By contrast, an online self-service environment represents much lower fixed costs and an infrastructure where increased volume actually drives down overall costs. Front-office systems require expensive, human-assisted service and capital resources.

Gartner Group recently estimated that US businesses spent $37.5bn in 2001 manually interacting with their customers and partners.

Furthermore, other analysts predict that businesses will spend an additional $25bn on call centre software and other front-office technology in an effort to better manage the exploding volume of customer, partner and employee interactions initiated via the web.

In other words, a lack of proper self-service features on the web is driving even greater volumes of traffic through the call centre.

The benefits of both customer service improvement and cost savings through self-service can be seen at Citibank.

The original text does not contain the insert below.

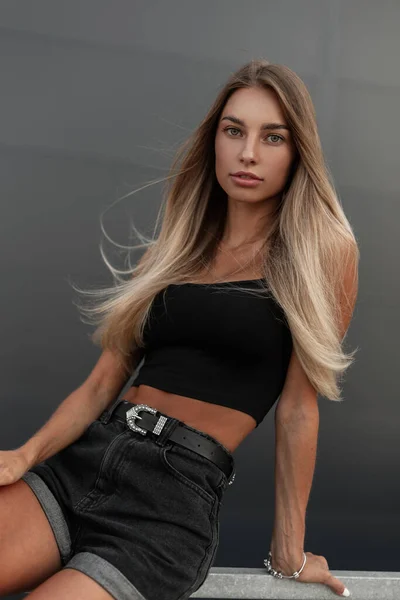 Stilvolle Junge Schöne Mädchen Einem Schwarzen Shirt Und Modischen Jeanshosen — Stockfoto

In a recent study of the Citibank Online customer service environment, which handles over 180 million self-service transactions per year, customer retention, a key performance indicator for the bank, has improved by 75 per cent. At the same time, operating costs have been reduced by 71 per cent.

Closer to home BT has shown a saving of £45m in the first quarter of 2002 by moving call centre transactions to self-service.

This was achieved using a single process that involved about one million transactions per year. The organisation estimates that it has over 12 million transactions that are suitable for this approach per day that can be tackled over the coming years.

So, as major financial services institutions face the next round of competitive pressures, there is a new strategy to consider. One that will offer competitive advantage in both customer service and cost-saving.

And the only downside will be that customers won't get to wait around humming Greensleeves quite so often.

BUILDING A SELF-SERVICE ENVIRONMENT

There are two essential requirements for delivering a customer self-service environment that really helps users to get what they need without resorting to the call centre:

  • A genuine enterprise-level portal capable of accessing and co-ordinating the presentation of information from a variety of systems that reside both within the organisation and in partner companies.
  • The ability to personalise the delivery of information to customers.

In the assisted service model, the agent's role is to help the customer navigate the complexity of the organisation's data, systems and processes. With the developments in advanced personalisation, certain interactions can feasibly be automated.

Software has to be capable of capturing explicit and implicit information about the customer and then, most relevantly, providing access to information based on this profile.

Gavin Webster is director of financial services at BroadVision.